A runaway and his best friend prepare to spend the night in an abandoned boxcar. It will be a night that will change their lives forever.
Written by Gregory Patrick Travers
By the time that I left my house and headed down Conway Street to meet Tommy, the sun was low in the sky and the evening had cooled right down from the irregularly warm late-September day that preceded it. Mom had yelled at me as I left to take a jacket. I thought she was crazy. About two blocks into my walk I started to think maybe a jacket wouldn’t have been that bad an idea. But I wasn’t about to turn back, so I toughed it out.
Tommy didn’t say why he wanted me to meet him at the Hasty Market but he had that disappointed tone in his voice again, the one that usually followed with a story about his old man getting drunk and beating on him or his mom. It was around the time that his dad usually got home from the bar, so I figured that’s what it was.
I felt sorry for Tommy, even though Tommy was not the type of person anyone needed to feel sorry for. He was a street smart, resourceful, and headstrong kid. Some people couldn’t believe he was only fourteen. He carried himself differently than the rest of the kids our age. But I guess he had to. Life was always throwing Tommy a curveball. His mom was a pill popper, his dad was a drunk. If that wasn’t enough, the teachers at school considered him a write-off and a waste, though I can be the first to say that he didn’t give them much reason not to. The town cops were always pulling him over and giving him the business. Even my mom didn’t like us hanging out together. She said he was a bad apple. But she didn’t know Tommy like I did. Sure, he had a temper and a loudmouth. But he had to put up those walls to keep the kids at school from ripping on him about being short, poor, and the son of a couple of good-for-nothing parents.
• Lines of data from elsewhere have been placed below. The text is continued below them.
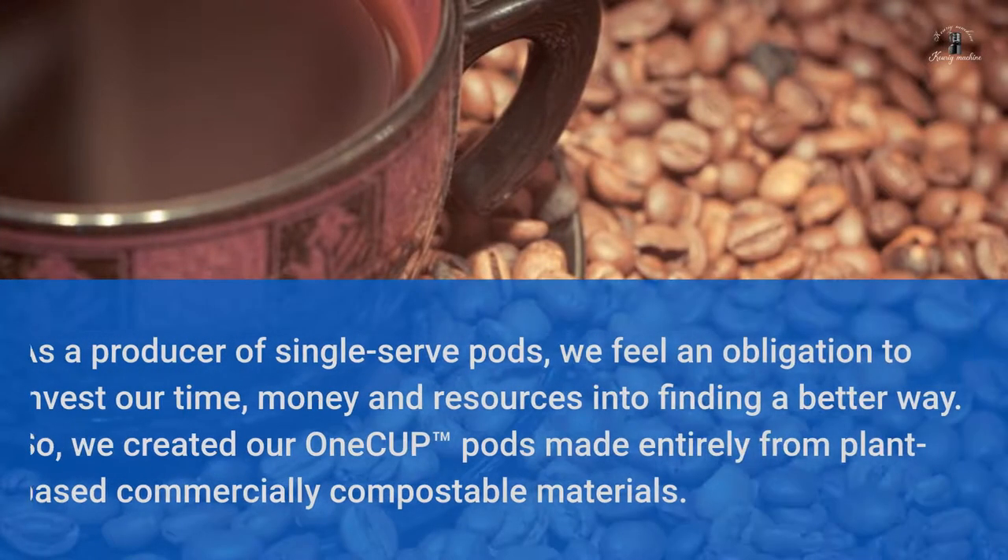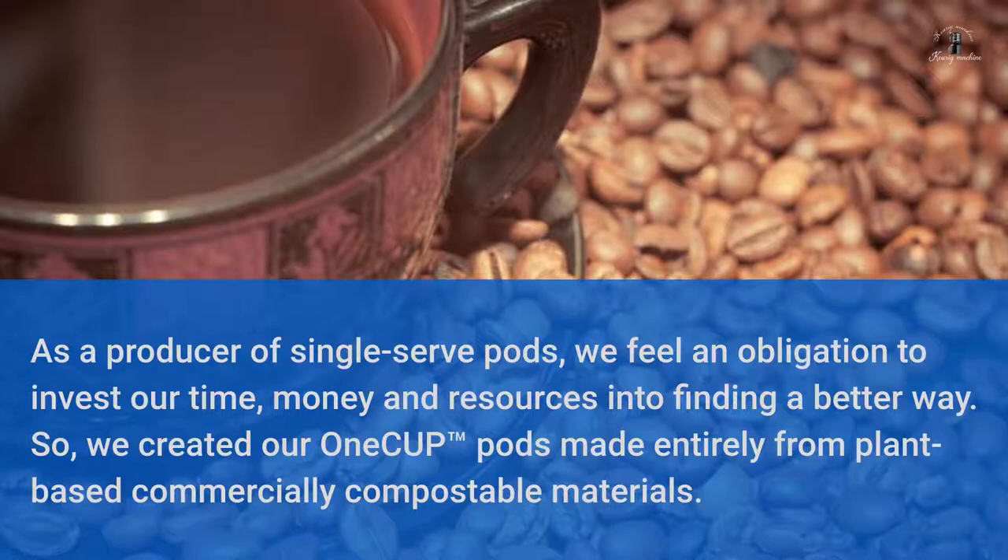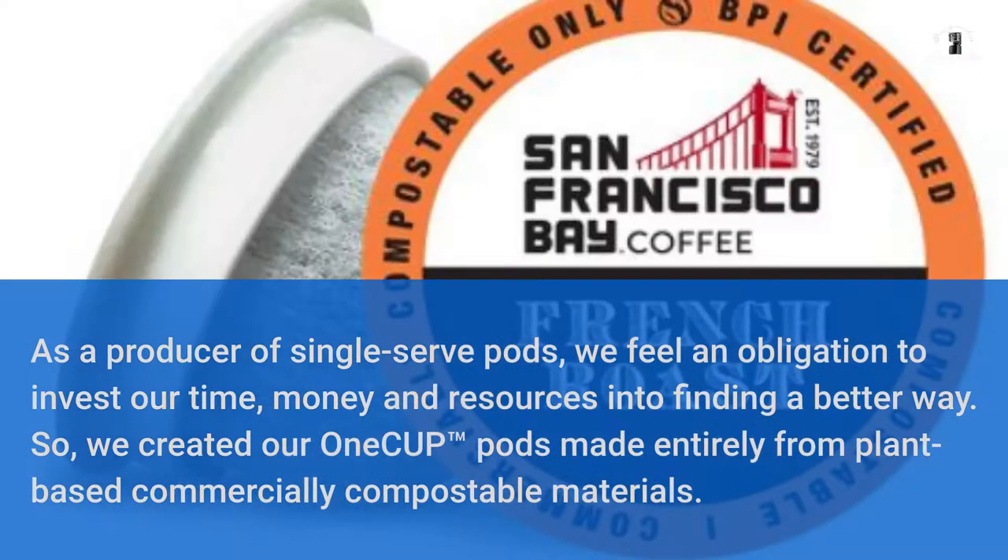As a producer of single-serve pods, we feel an obligation to invest our time, money and resources into finding a better way. So, we created our One Cup Pods made entirely from plant-based commercially compostable materials.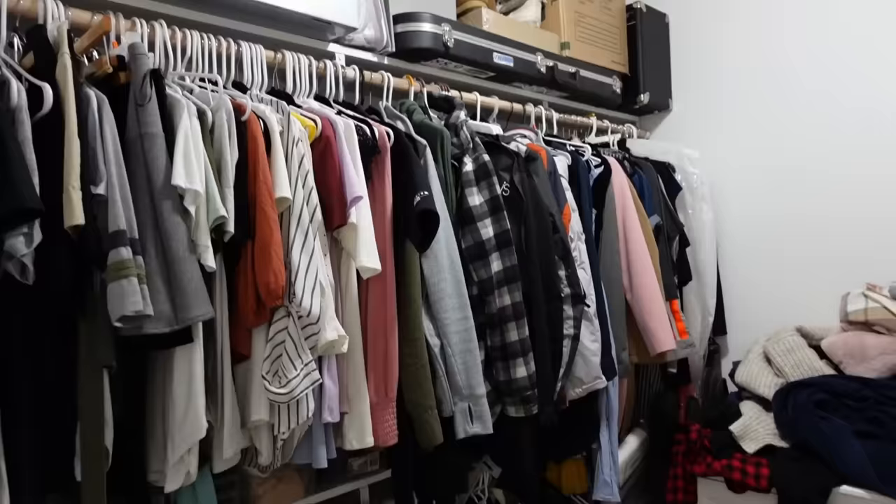A lot of the IKEA products I'm sharing with you today are very functional and you can use them throughout your house, so just get creative with them. If you enjoyed today's video, give a big thumbs up, share it with your friends, and hit that subscribe button. And with that, let's go ahead and get started decluttering and organizing my closet.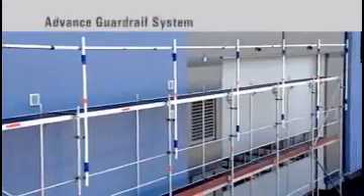One of these collective full protection measures is the Layher advance guardrail system. The Layher advance guardrail system — the perfect solution.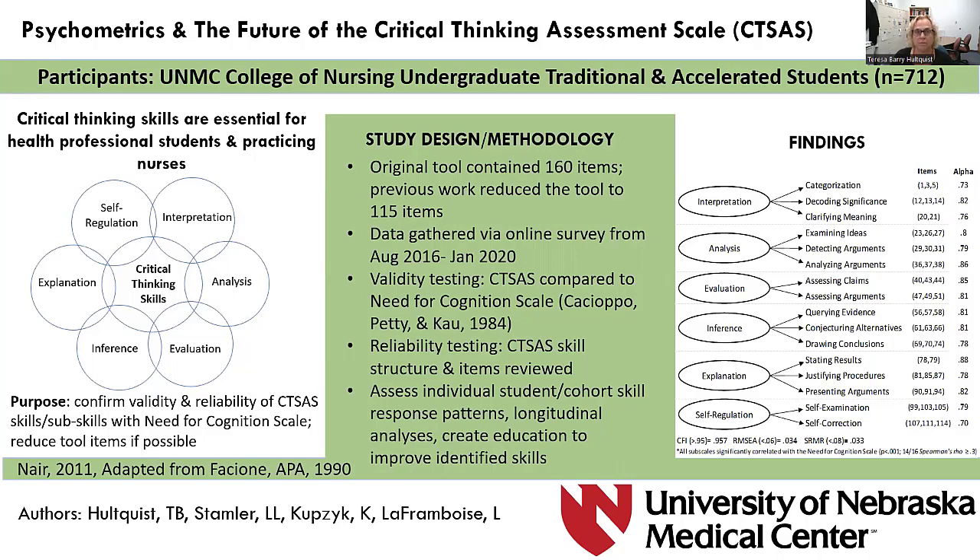Both for nursing students and practicing nurses, sound clinical judgment is crucial for delivering quality evidence-based patient care, to lead teams, and create new solutions to present and future challenges. Educators and administrators need valid and reliable methods to identify the existence, foster development, and measure use of critical thinking skills. While critical thinking can be difficult to observe directly, it can be inferred from self-assessed or demonstrated behaviors or practices.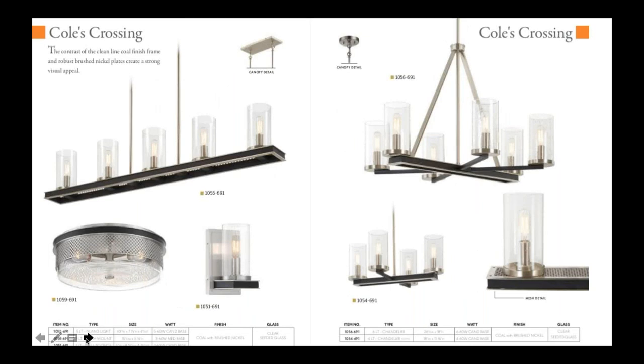Next collection we have is called Kohl's Crossing. It's a great use of mixed metals on a transitional form — coal and nickel with a mesh accent.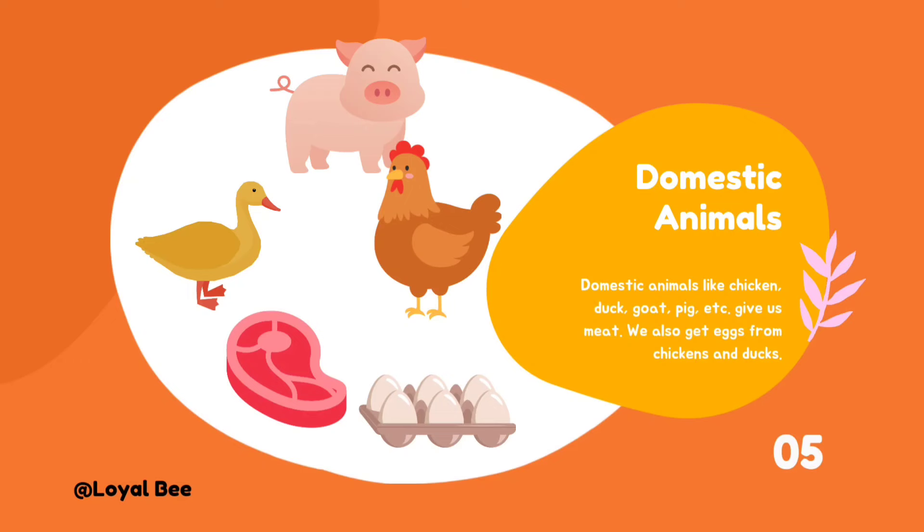Domestic animals like chicken, duck, goat, pig, and others give us meat. We also get eggs from chickens and ducks.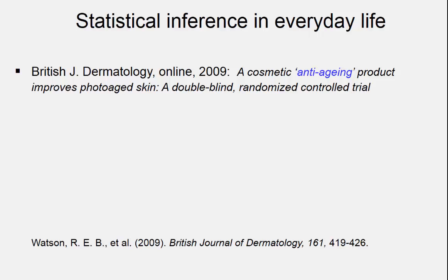Red flags. I'd like to tell you a story — really a cautionary tale. A peer-reviewed medical journal a few years ago published a paper stating a cosmetic anti-aging product improves photo-aged skin: a double-blind randomized control trial. This type of experiment is really the best type of experiment for giving us evidence about the effectiveness of some drug or treatment.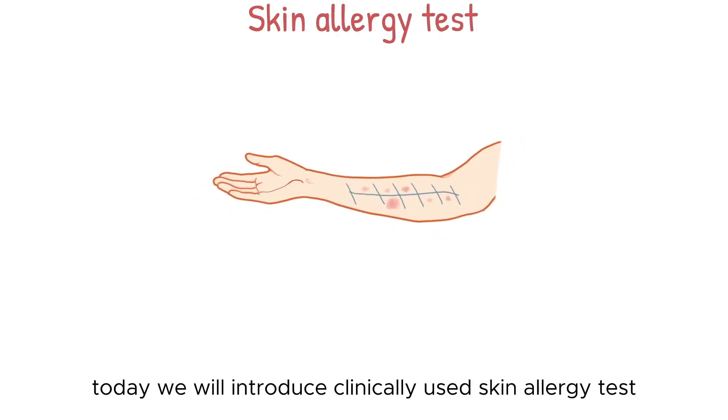Welcome back to our channel. Today we will introduce Clinically Used Skin Allergy Tests.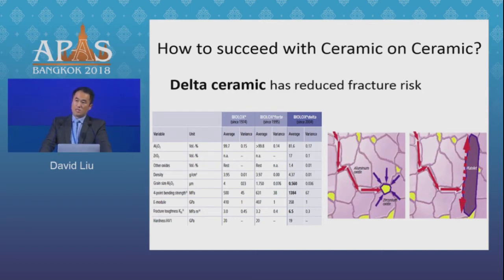My first piece of advice is: use Delta Ceramic. I think it does make a difference. It's a composite of both alumina and zirconia, and the key is that the zirconia particles are capable of dissipating any crack injury and stopping any cracks that occur. Your fracture risk, although not zero, is significantly reduced if you use a ceramic composite rather than pure alumina.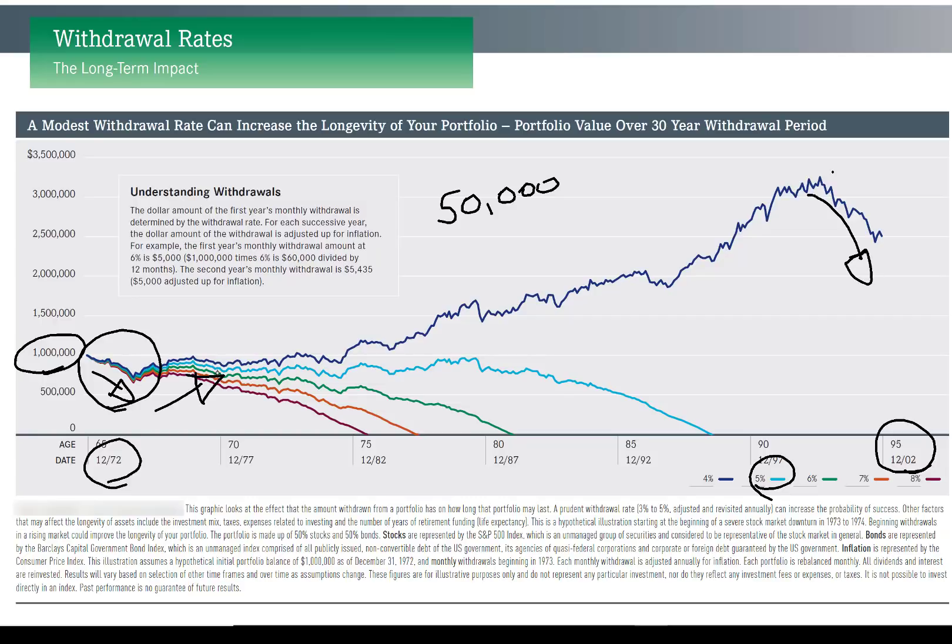There's something else happening: inflation. Using a 4% inflation rate for that year, the next year you not only need to take $50,000 but now need $52,000 to feel like the same $50,000 from last year. These early losses can really cripple a portfolio because you don't have that money working for you anymore.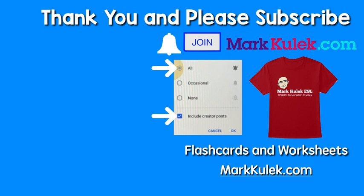Okay, great job! Please don't forget to subscribe, and please ring that bell to get all of my videos, and please join the channel. That would be fantastic. For flashcards and worksheets, please check out my website markkulik.com. Okay, thanks so much. I will see you next time. Take it easy. Bye.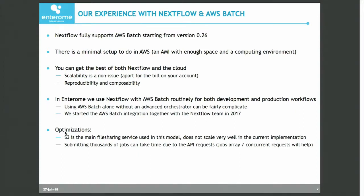The very positive thing we have seen is that using Nextflow and AWS Batch, we are basically able to get the best of both. With the cloud, we get scalability — almost infinite scalability. It's really a non-issue, the scalability in the cloud, apart from the bill in your account.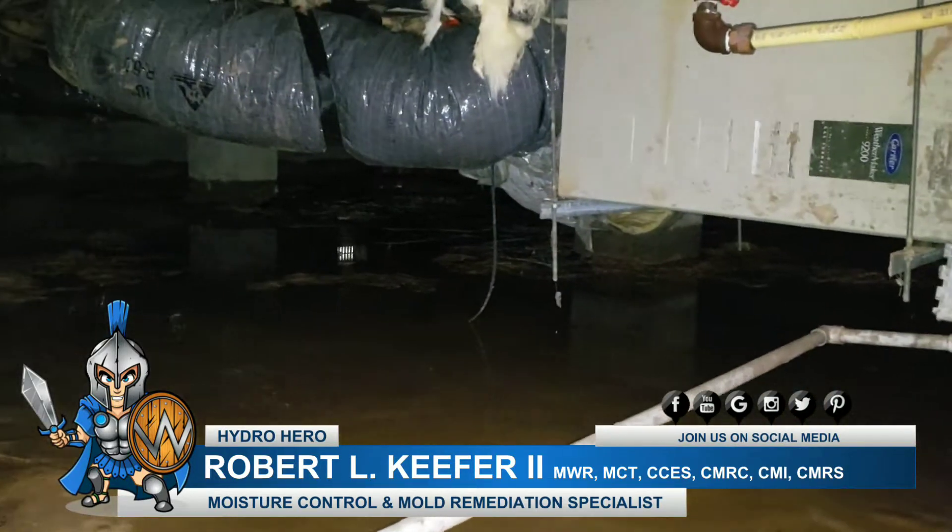Matter of fact, Robert, if you're watching this video, look at how much water is actually in this crawl space. You can see all the water that's just flowing into the basin.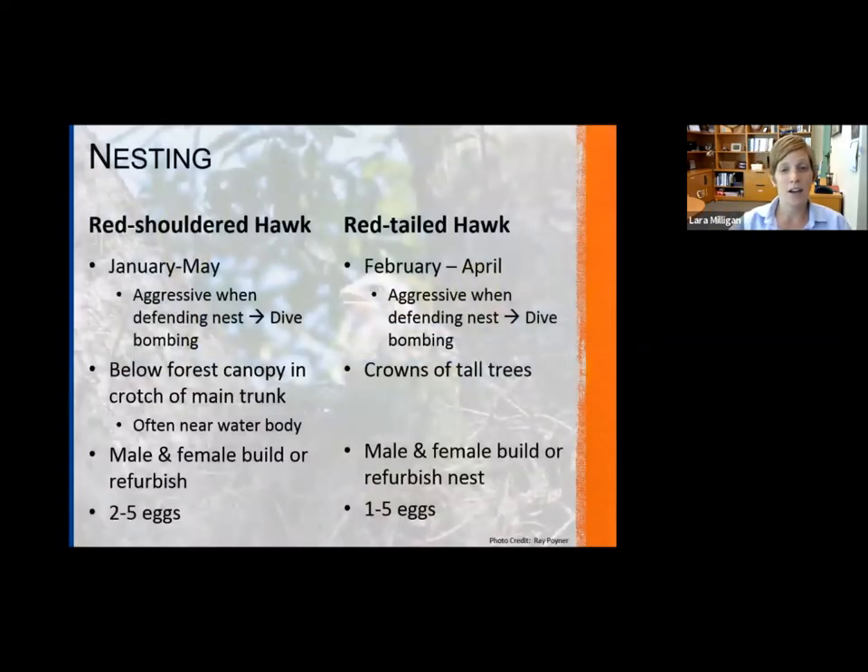In terms of nesting, they are pretty similar in timing. More or less the beginning half of the year, with a slightly longer window for red-shouldered hawks. Both species are very aggressive when it comes to defending their nest — not only from other species and animals, but also people. They are known for dive-bombing at people. If you know you have either one of these species nesting in your area, it's best to keep your distance, and certainly if you are getting attacked, avoid that area.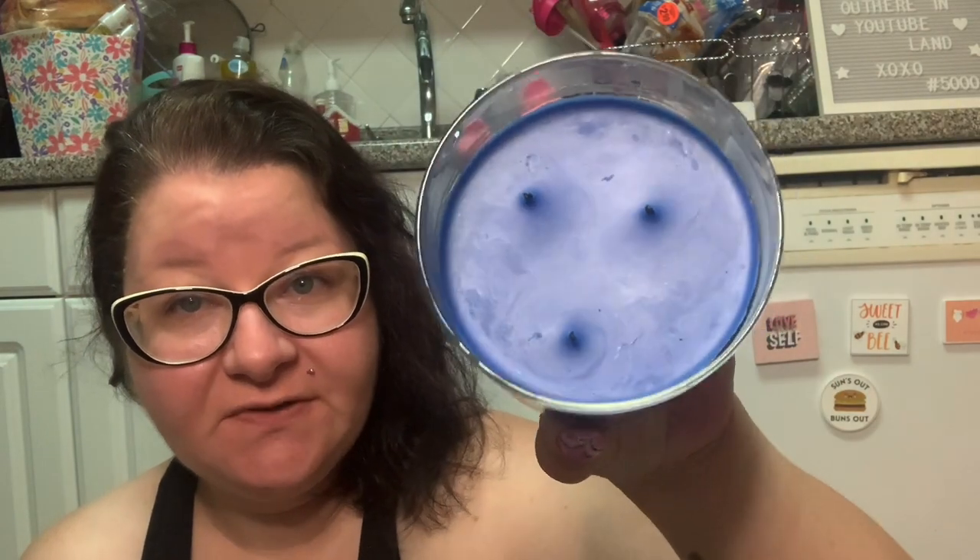So I'm here with a review of Bath and Body Works Blueberry Maple Pancakes. It doesn't look like I've burned much of this candle, but I have — I've burned it over four times. So I think I can give you some sense of how the candle is doing. If there are any changes, I will put an update in the description box. We have here our standard three-wick candle.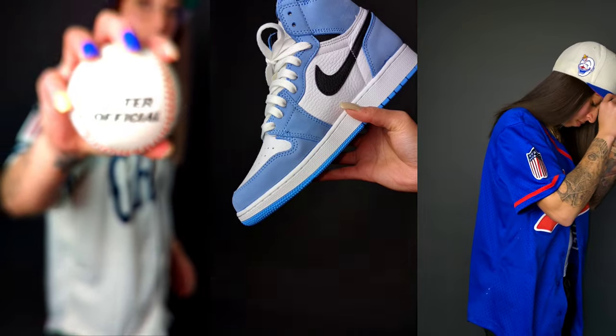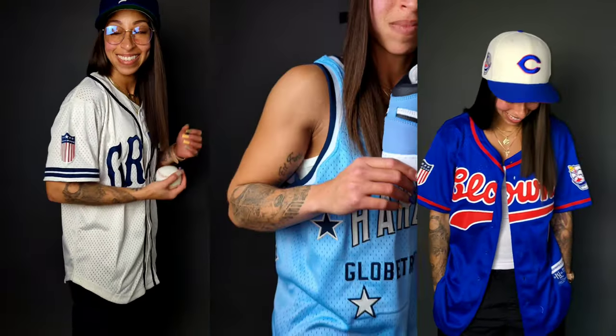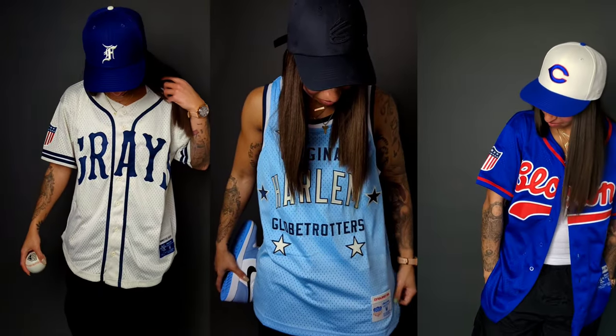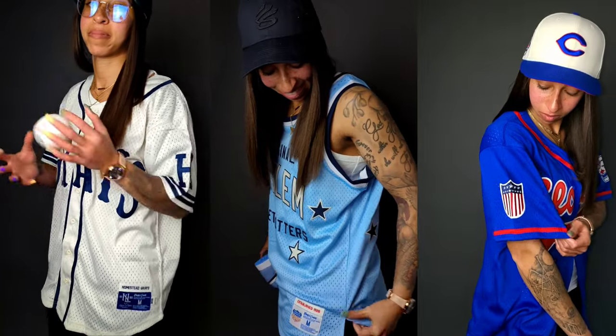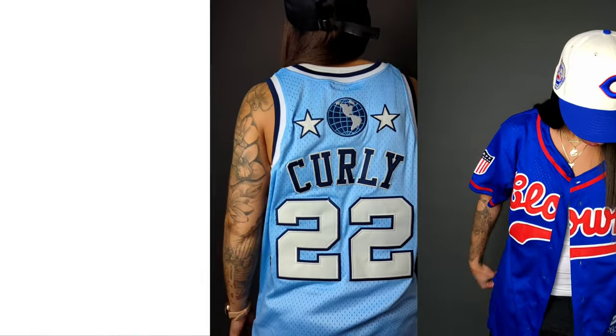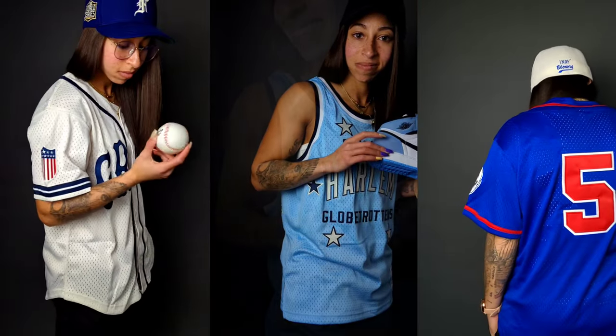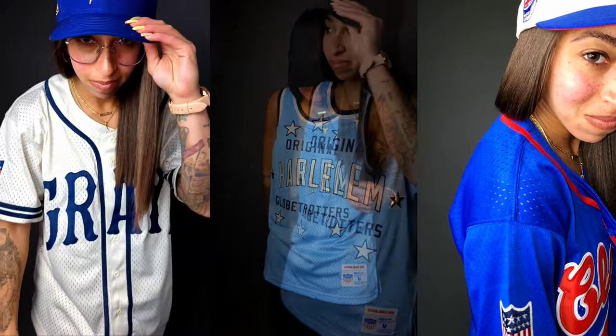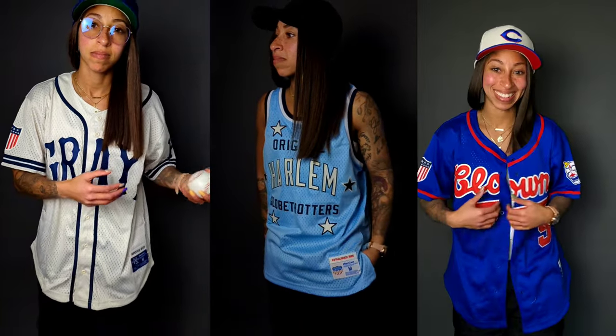They gave us their 'They Gave Us Game' campaign package, and I also purchased the Grays jersey. A big thank you to Lids for the Indianapolis Clowns jersey in royal blue and red, as well as the hat in the middle. You also see the Harlem Globetrotters Curly Neal jersey, number 22, which will pair perfectly with the Air Jordan 1 UNC. Finally, the jersey I purchased myself on February 28th — the Homestead Grays cream button-down jersey. No matter what, always pay respects to where we came from to appreciate where we're headed.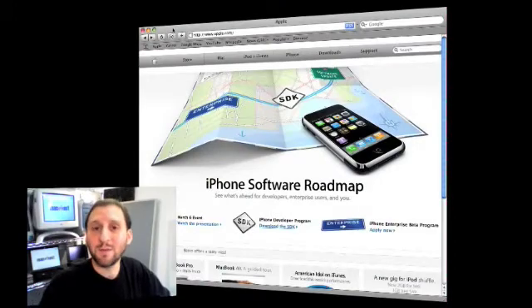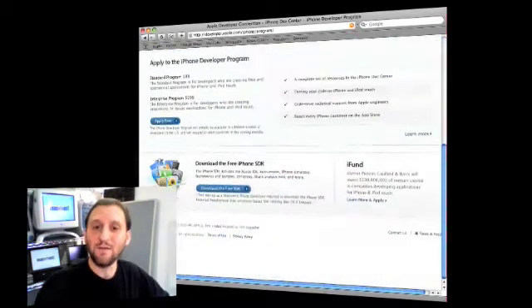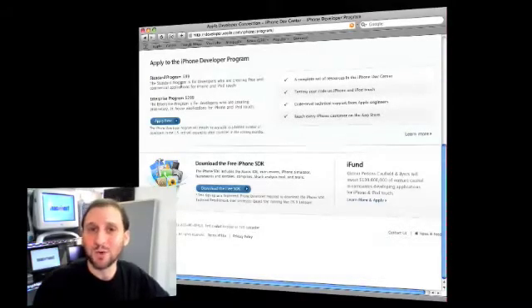Almost immediately, the front page of the Apple website showed information about the SDK — it was right there on the front page. You can click and go to a special developer section about the SDK. There were lots of videos, some demos, and of course a download of the SDK which is a whopping 2.1 gigs. You also can pay to be part of the developer program. This is to make sure that all the developers are on the up and up and don't have any malicious intent, so it's mostly just a fee for a security check.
He had to build those walls to keep his dad from having the satisfaction of seeing him cry when he was laying the buckle on him. So, yeah, I felt sorry for him. But he didn’t need it.
When I got to the Hasty Market, Tommy was out front, perched on a bike rack, sipping the last sips out of a can of Lucky Lager before he tossed it into the corner. His dad had an endless supply of those white cans in the cold cellar. We met eyes and he smiled. His palm ran over his buzz cut, his white XL t-shirt draping loosely over his skinny arms. His t-shirts were always vibrantly bright. His jeans were scuffed and ripped, shoes covered in mud, but his t-shirts were constantly Tide-commercial white.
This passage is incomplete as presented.